I part ways with the majority, however, at the point at which they characterize Modesta’s actions as “reluctant acquiescence.” Under this definition, Modesta did not “merely” acquiesce to her father’s use of her son’s birth certificate. If, for example, Modesta had seen her father take her son’s birth certificate and said nothing, we could properly characterize her actions as acquiescence because her consent would have been passive or implied. However, that is not what occurred. Modesta actively assisted her father by explicitly agreeing that he could use her son’s birth certificate. Indeed, her father’s repeated requests demonstrate that, for whatever reason, he felt that he could not simply take the birth certificate and leave Modesta out of his plan altogether. Rather, he needed Modesta’s explicit permission before he could use the birth certificate for purposes of alien smuggling. Thus, although the majority’s opinion does not explicitly say so, by holding that Modesta did not commit an affirmative act as required by Altamirano, the majority implies that an oral statement alone can never be an affirmative act. I disagree.

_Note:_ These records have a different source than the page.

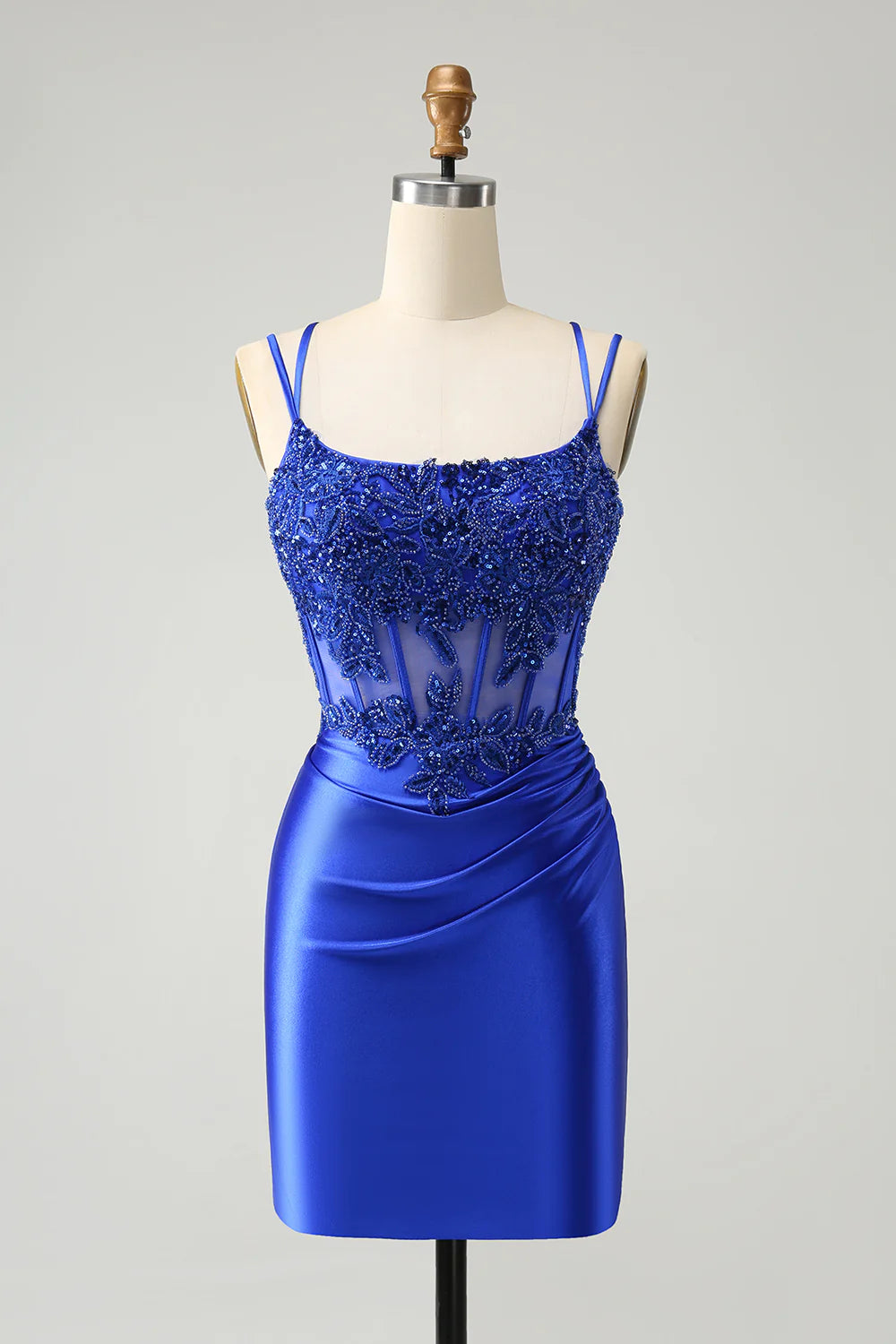 Close-up of the beaded corset bodice and strapless sweetheart neckline of the sparkly royal blue dress.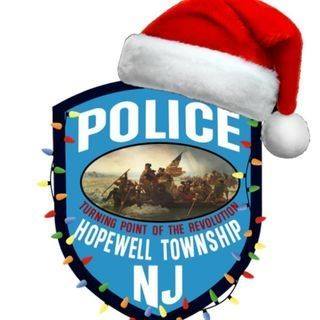Hopewell Twp police department patch with a santa hat and rainbow christmas lights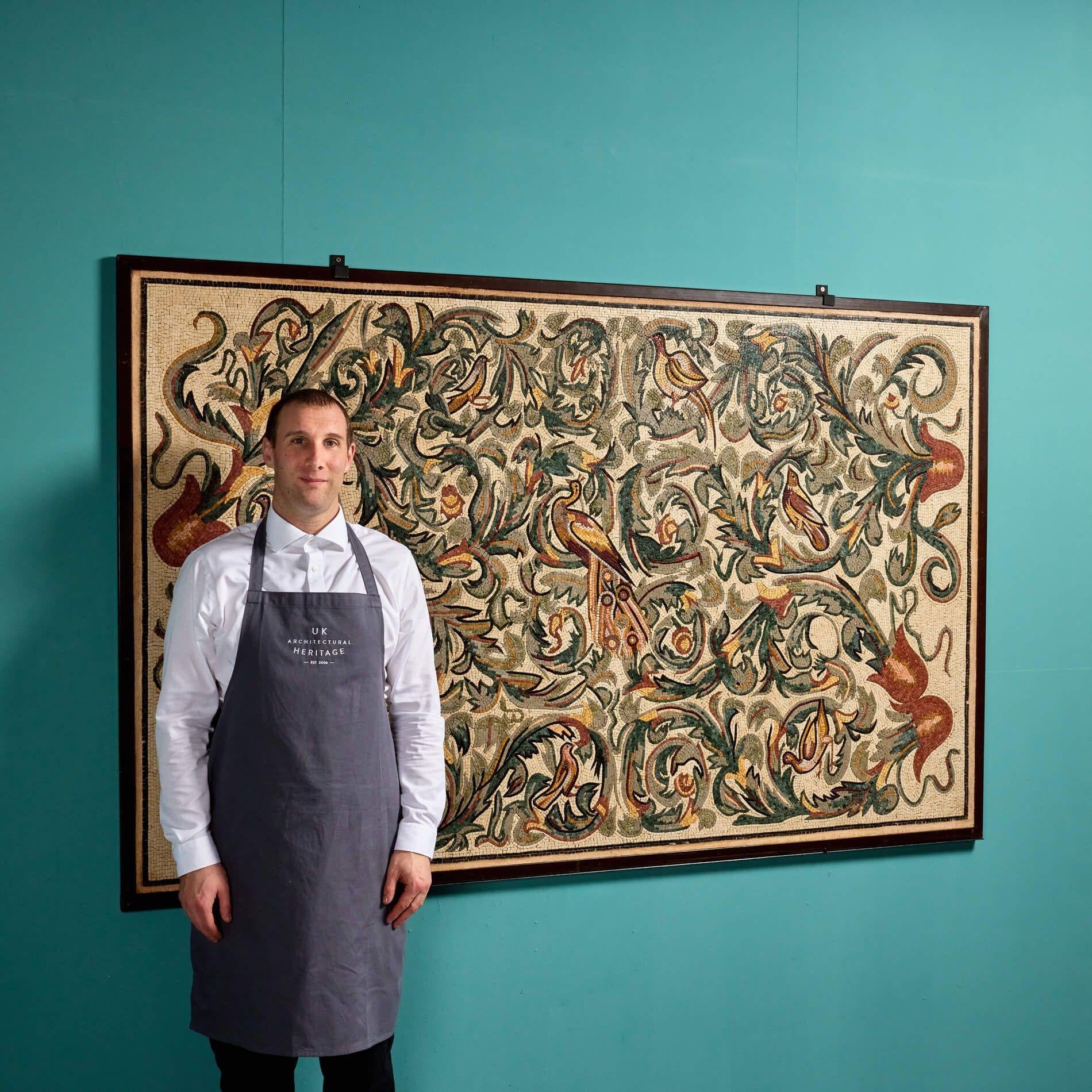 The large scale and size of this intricate mosaic wall panel is an impressive artwork piece for any interior. It is beautifully made in Roman style, small tessera mosaic tiles used to depict intricate birds among scrolling green acanthus leaves and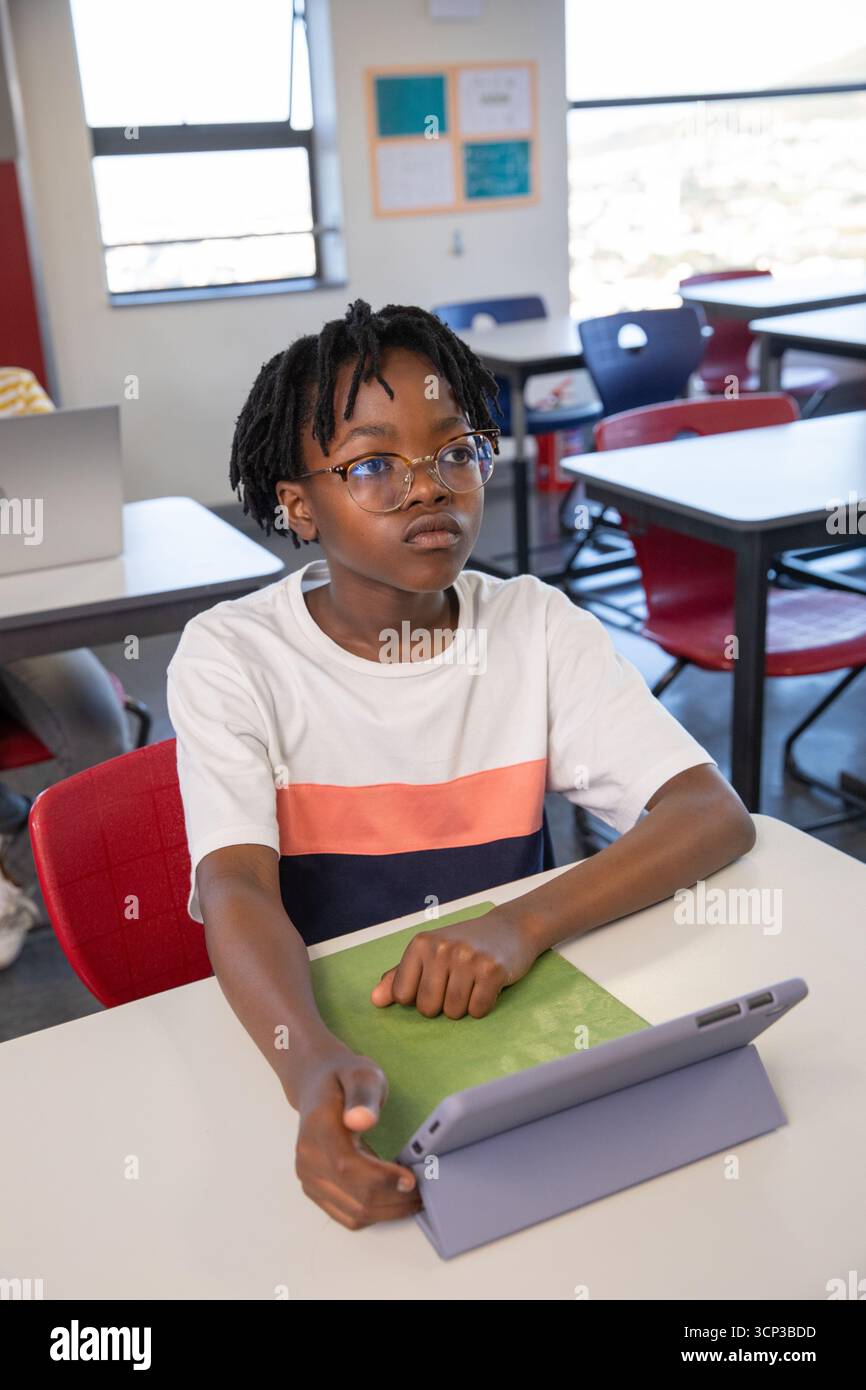 Enfant afro-américain assis dans une chaise rouge au bureau dans la salle de classe en utilisant la tablette dans le cas Banque D'Images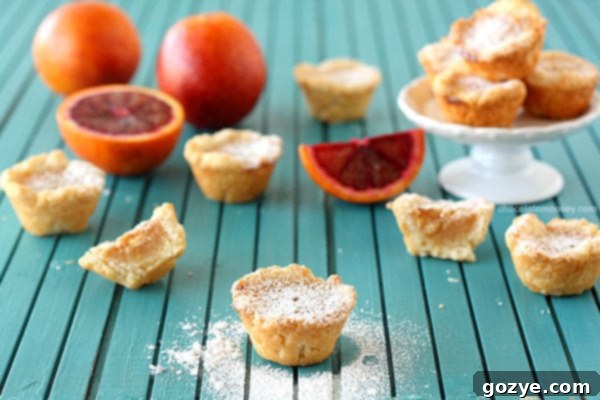 Plate of freshly baked Blood Orange Pie Bites dusted with powdered sugar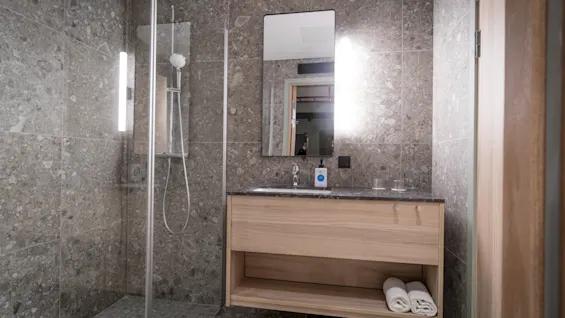 Shower enclosed with glass; adjacent to sink with a mirror and a wooden cabinet. Bathroom has stone-tiled walls and floor, with neatly rolled towels on the shelf.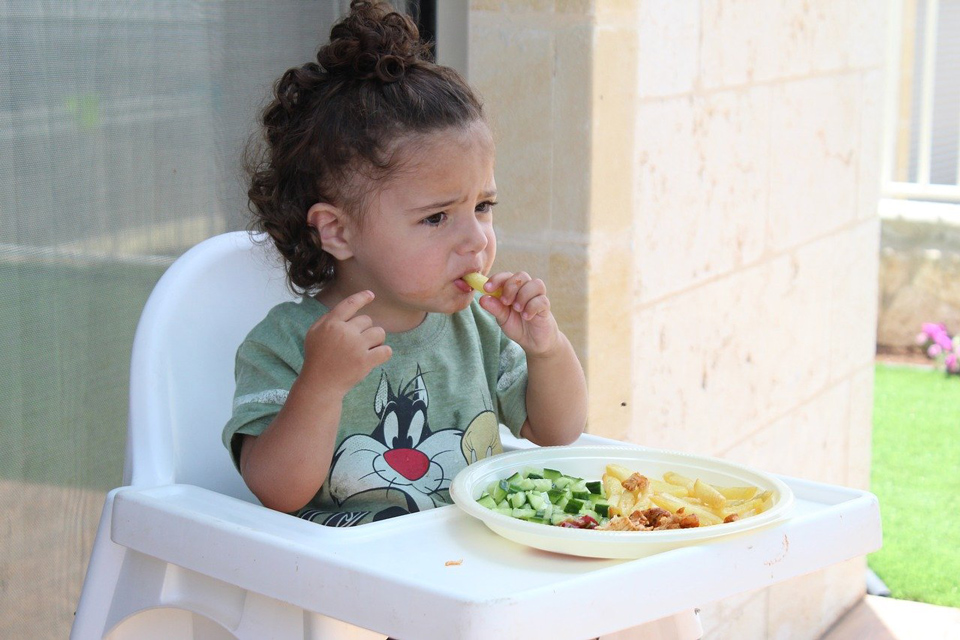 Child in a high chair not sure whether she is happy eating or not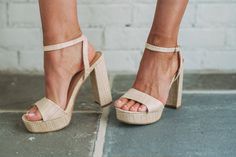 Elevate your style with our Jane Raffia Heels in Beige. Crafted with woven raffia and a subtle gold shimmer, these heels will add a touch of glamour to any outfit. Featuring a buckle closure at the ankle, a 1" platform, and 4.5" heels, these shoes combine fashion and functionality for a chic look. Run small- order up half a size High Heel Sneakers, Woven Raffia, Chic Look, Order Up, Gold Shimmer, Elevate Your Style, Your Style, High Heels, Buckle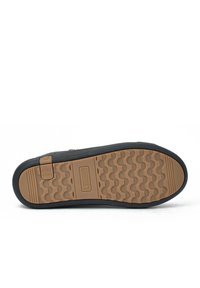 Suela de zapato de goma negra con un diseño texturizado. Presenta un área de goma marrón y una etiqueta de marca. Forma plana, diseñada para comodidad y durabilidad.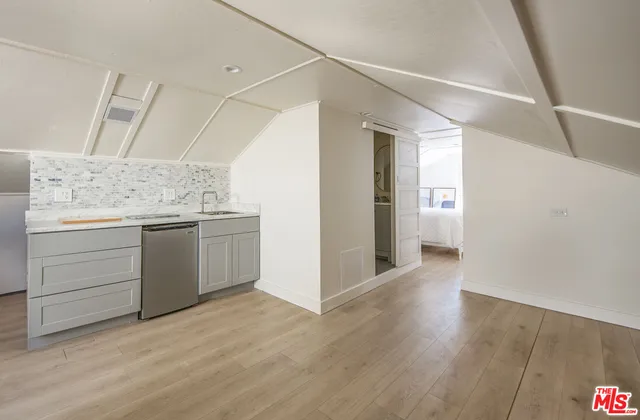 a view of cabinets and wooden floor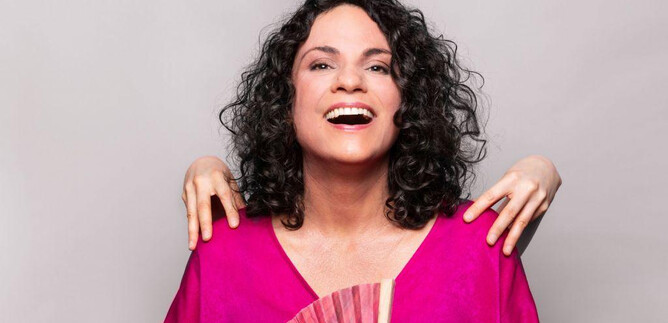 A woman with curly hair is wearing a bright pink top and holding a fan. In the background, two hands can be seen gently supporting her. | © Jasmin Schuller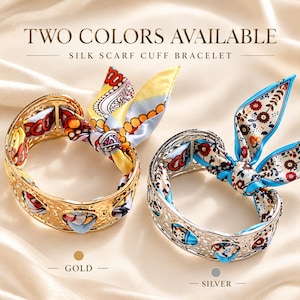 Puede incluir: Dos pulseras brazalete con pañuelo de seda, una en metal dorado y otra en metal plateado. Cada brazalete tiene una textura martillada y está entrelazado con un pañuelo de seda estampado atado en un lazo. Texto: TWO COLORS AVAILABLE SILK SCARF CUFF BRACELET.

Our analysis in Altamirano focused heavily on the meaning of aiding and abetting because INA § 212(a)(6)(E)(i) “imported] this concept from criminal law and because the alien smuggling provisions of the INA have been generally analyzed as aiding and abetting statutes.” See 427 F.3d at 594. We noted that “[t]he prosecution must prove that the defendant was a participant, and not merely a knowing spectator” and that a person “cannot be convicted of aiding and abetting absent an affirmative act of assistance in the commission of the crime.” Id. at 594-95 (internal quotation marks and citations omitted). We did not, however, hold that an oral statement could never constitute an affirmative act of assistance.

Boiled down, aiding and abetting merely requires that the defendant “engaged in some affirmative conduct designed to aid in the success” of the commission of a crime with “knowledge that his actions would assist the perpetrator.” United States v. Smith, 832 F.2d 1167, 1171-72 (9th Cir.1987) (quoting United States v. Cowart, 595 F.2d 1023, 1031 (5th Cir.1979)). The majority’s holding that this affirmative conduct can never take the form of an oral statement will open a pandora’s box of absurd results. For example, a defendant who says “yes, you can use my house to produce methamphetamine, but I will not open the door for you or participate” would not be guilty of aiding and abetting the manufacture of drugs. Likewise, the defendant who says “yes, you can borrow my shotgun and car so that you can rob a bank” would not be guilty of aiding and abetting as long as he also says “the gun is in the closet and the keys are on the counter — get them yourself.”

Here, Modesta engaged in affirmative conduct (allowing her father to use her son’s birth certificate) designed to assist her father in smuggling undocumented infants into the United States. She did so with the knowledge that her conduct would assist her father. Thus, in my view, Modesta’s agreement that her father could use her son’s birth certificate was “an affirmative act of assistance” sufficient to constitute alien smuggling under INA § 212(a)(6)(E)(i) and Altamirano. The *1211fact that she was “reluctant” to do so and agreed only to avoid disappointing her father does not change this result. I maintain the view that, although it is sometimes difficult, we are not free to adjust the tune of the law any time it does not harmonize with that of our heartstrings.

Because the majority decides as a matter of law that Modesta’s actions did not constitute alien smuggling, it does not reach the question of whether the Immigration Judge’s (IJ) factual findings were supported by substantial evidence. See Ckebchoub v. INS, 257 F.3d 1038, 1042 (9th Cir.2001) (stating standard of review). Because the administrative record contains an offer of proof in which Modesta admits that she agreed to allow her father to use her son’s birth certificate knowing that it would be used for alien smuggling, “any reasonable adjudicator” would not be “compelled to conclude to the contrary” of the IJ’s findings. 8 U.S.C. § 1252(b)(4)(B). Thus, I would deny Modesta’s petition for review.